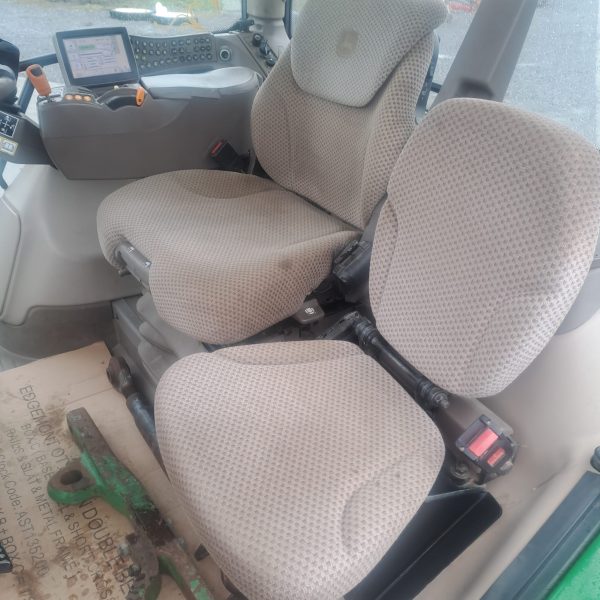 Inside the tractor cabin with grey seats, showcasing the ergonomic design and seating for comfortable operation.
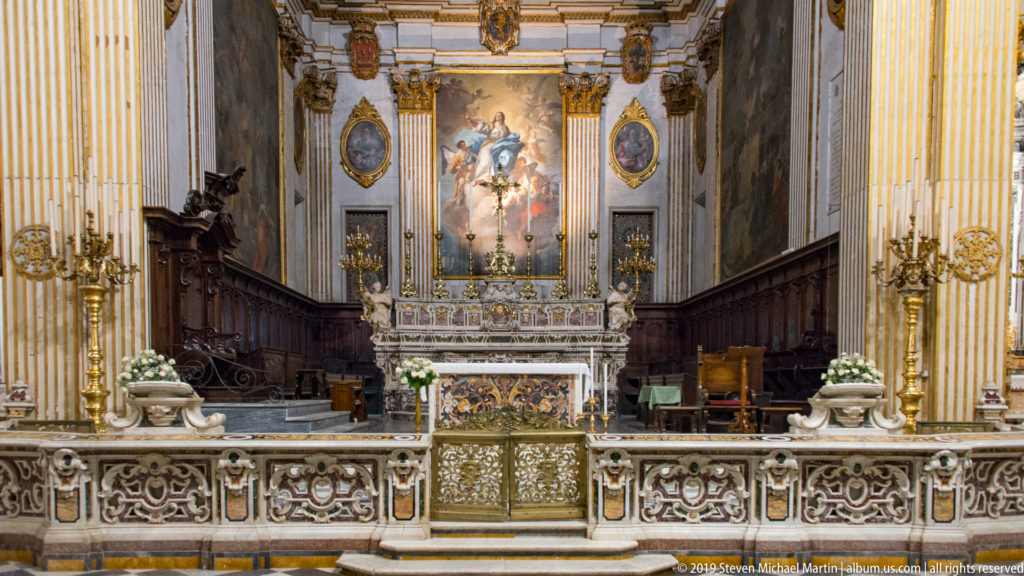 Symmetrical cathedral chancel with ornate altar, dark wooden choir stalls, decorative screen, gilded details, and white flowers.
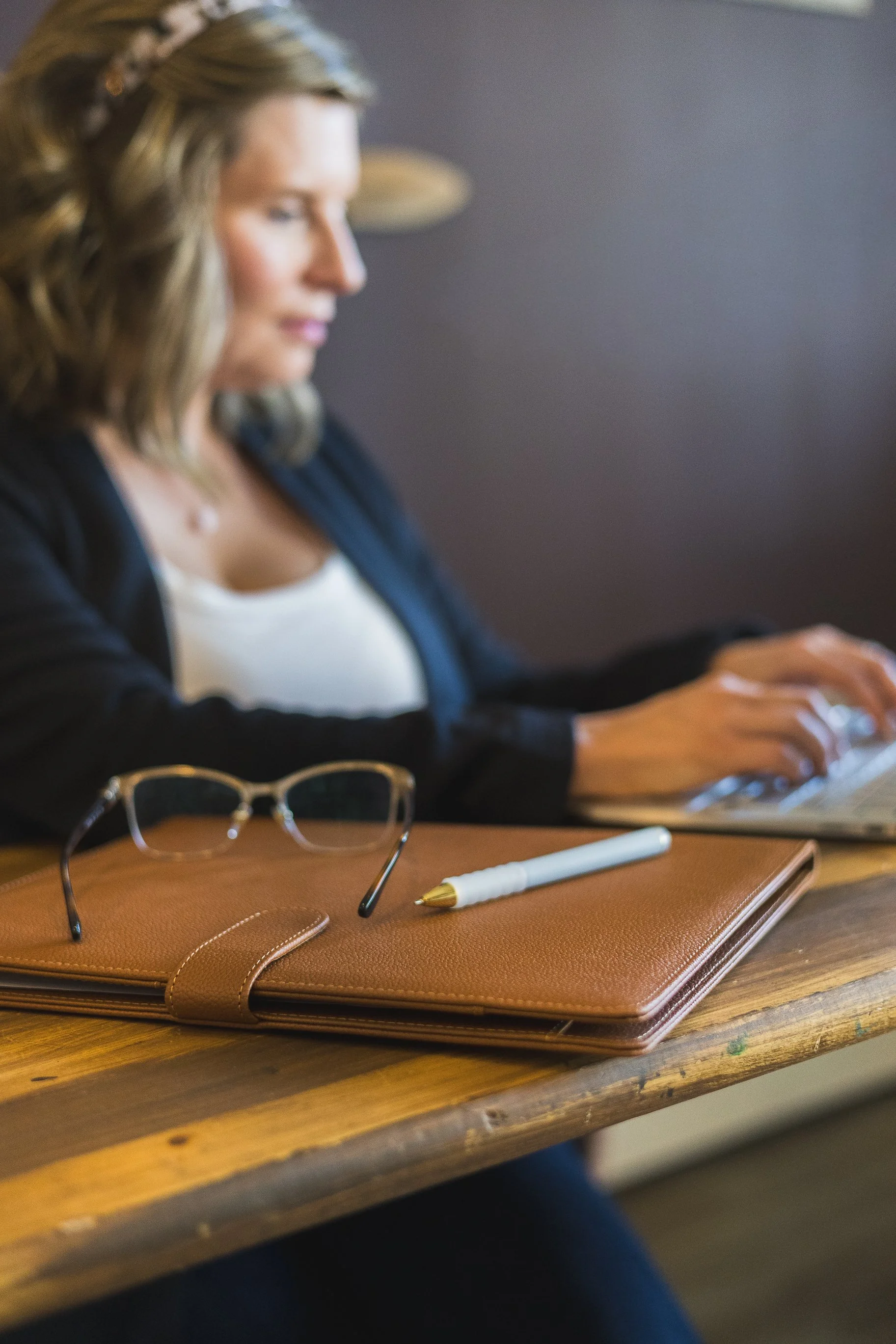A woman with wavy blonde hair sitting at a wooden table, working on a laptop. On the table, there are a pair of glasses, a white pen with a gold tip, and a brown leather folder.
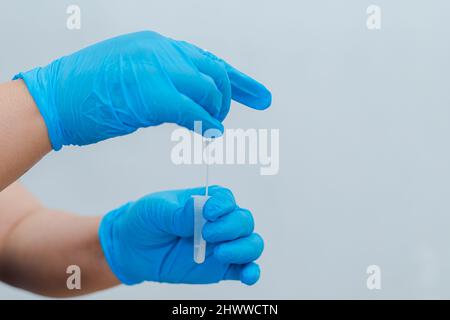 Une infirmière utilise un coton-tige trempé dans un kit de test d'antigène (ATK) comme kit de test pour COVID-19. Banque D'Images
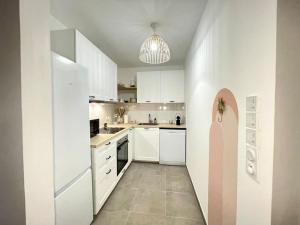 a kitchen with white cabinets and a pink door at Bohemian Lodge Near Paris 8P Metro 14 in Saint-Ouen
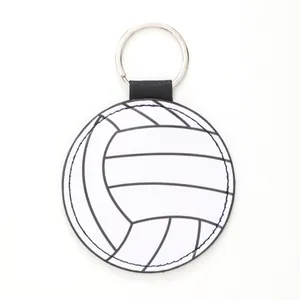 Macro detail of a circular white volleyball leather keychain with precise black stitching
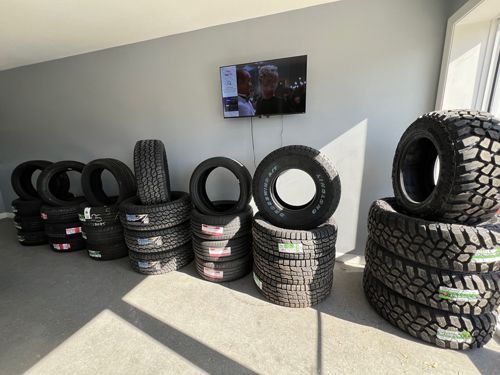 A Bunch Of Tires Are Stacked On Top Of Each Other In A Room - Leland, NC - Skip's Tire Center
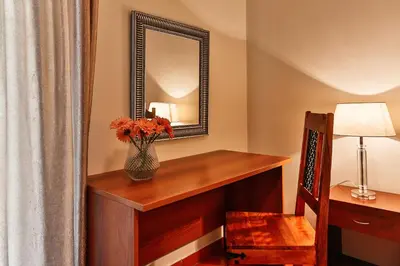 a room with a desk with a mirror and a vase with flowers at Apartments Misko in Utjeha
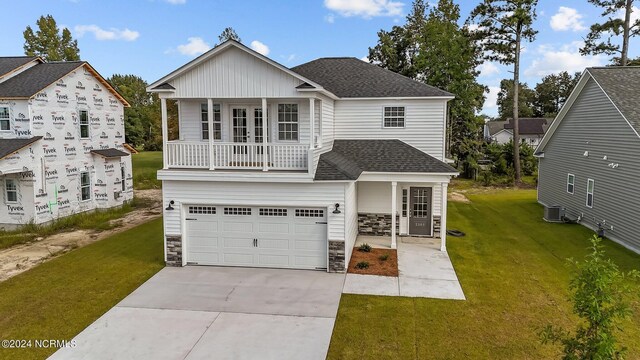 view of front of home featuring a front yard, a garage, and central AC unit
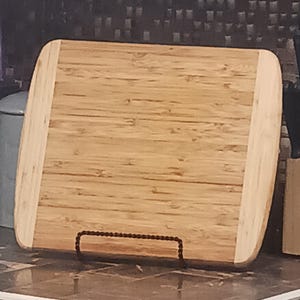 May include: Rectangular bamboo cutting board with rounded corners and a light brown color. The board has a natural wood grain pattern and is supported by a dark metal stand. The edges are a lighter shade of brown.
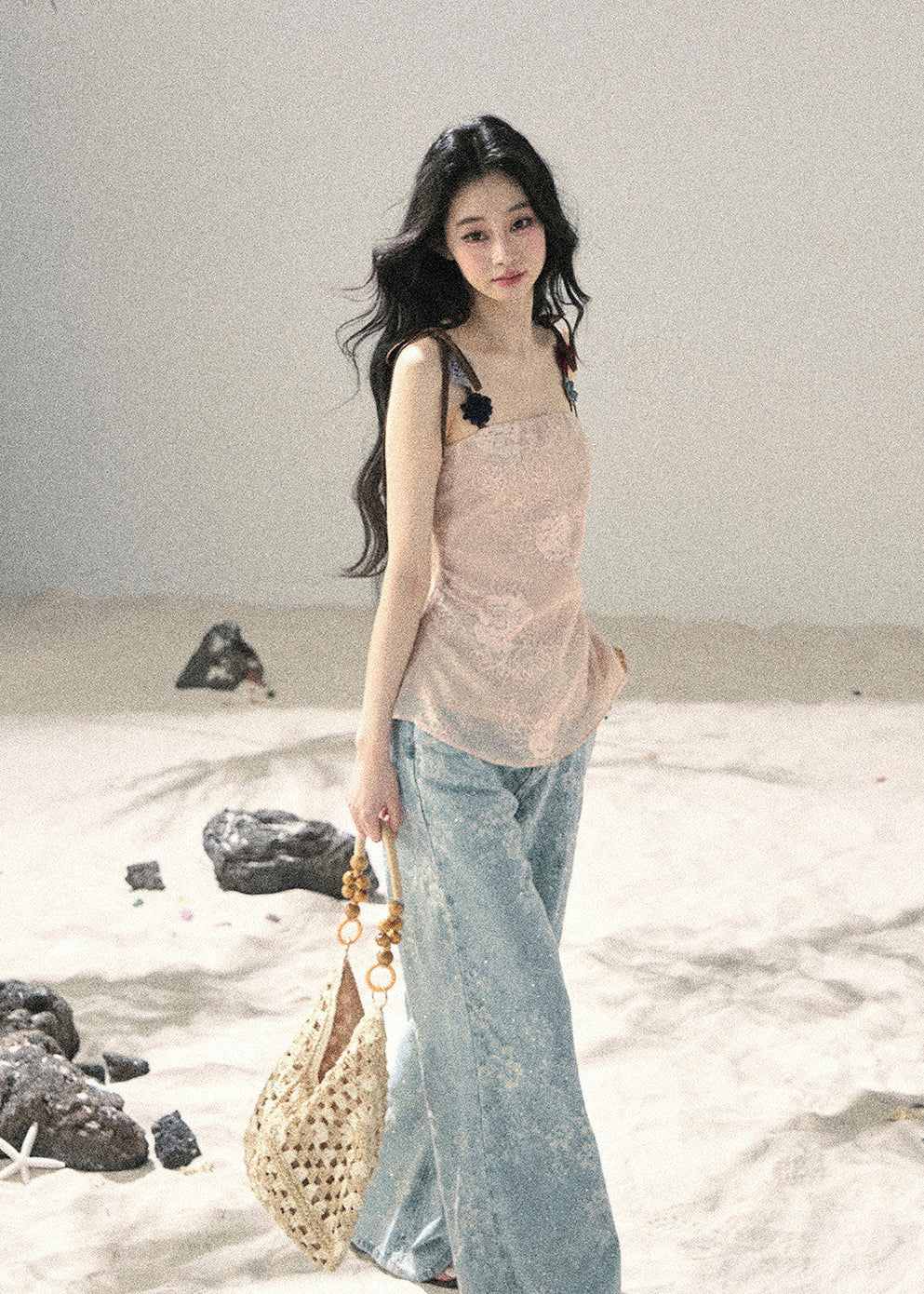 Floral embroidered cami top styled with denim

*What you are asked to do*
Pick up at the line containing "Symmetrical cathedral chancel" and copy each line exactly until the data ends, including that last line; copy no pictures.

*Exercise response*
 Symmetrical cathedral chancel with ornate altar, dark wooden choir stalls, decorative screen, gilded details, and white flowers.
A woman with wavy blonde hair sitting at a wooden table, working on a laptop. On the table, there are a pair of glasses, a white pen with a gold tip, and a brown leather folder.
 Une infirmière utilise un coton-tige trempé dans un kit de test d'antigène (ATK) comme kit de test pour COVID-19. Banque D'Images
 a kitchen with white cabinets and a pink door at Bohemian Lodge Near Paris 8P Metro 14 in Saint-Ouen
 Macro detail of a circular white volleyball leather keychain with precise black stitching
 A Bunch Of Tires Are Stacked On Top Of Each Other In A Room - Leland, NC - Skip's Tire Center
 a room with a desk with a mirror and a vase with flowers at Apartments Misko in Utjeha
 view of front of home featuring a front yard, a garage, and central AC unit
 May include: Rectangular bamboo cutting board with rounded corners and a light brown color. The board has a natural wood grain pattern and is supported by a dark metal stand. The edges are a lighter shade of brown.
 Floral embroidered cami top styled with denim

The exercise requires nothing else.